### Data extract
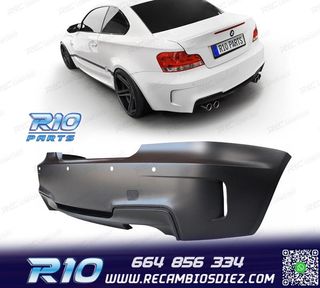 PARAGOLPES TRASERO BMW E82 E88 07-13 LOOK 1M PDC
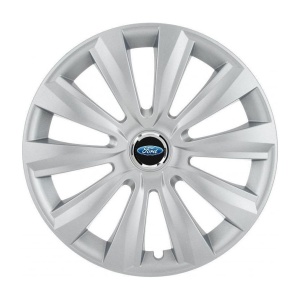 Set 4 Capace Roti, potrivite jantelor de R16, pentru Ford, model delta cromat - Img 3
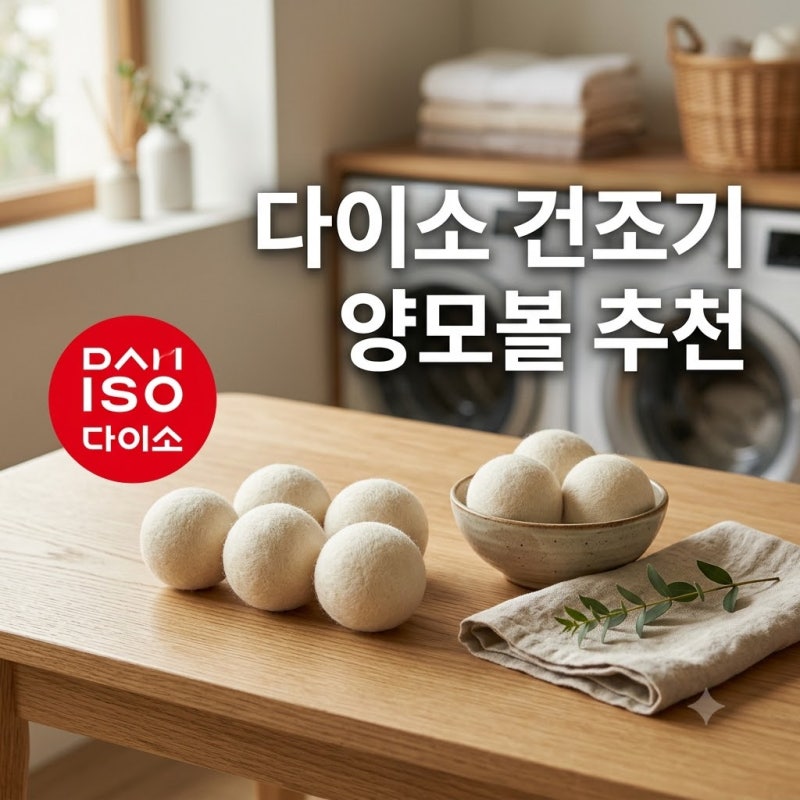 [다이소알바] 건조기 양모볼 종류 싹다~~(+ 이불 빨래 세탁망, 펠트, 사용법)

### About this exercise
Return each line of the data, keeping its wording exact and omitting pictures.

### Final answer
 PARAGOLPES TRASERO BMW E82 E88 07-13 LOOK 1M PDC
 Set 4 Capace Roti, potrivite jantelor de R16, pentru Ford, model delta cromat - Img 3
 [다이소알바] 건조기 양모볼 종류 싹다~~(+ 이불 빨래 세탁망, 펠트, 사용법)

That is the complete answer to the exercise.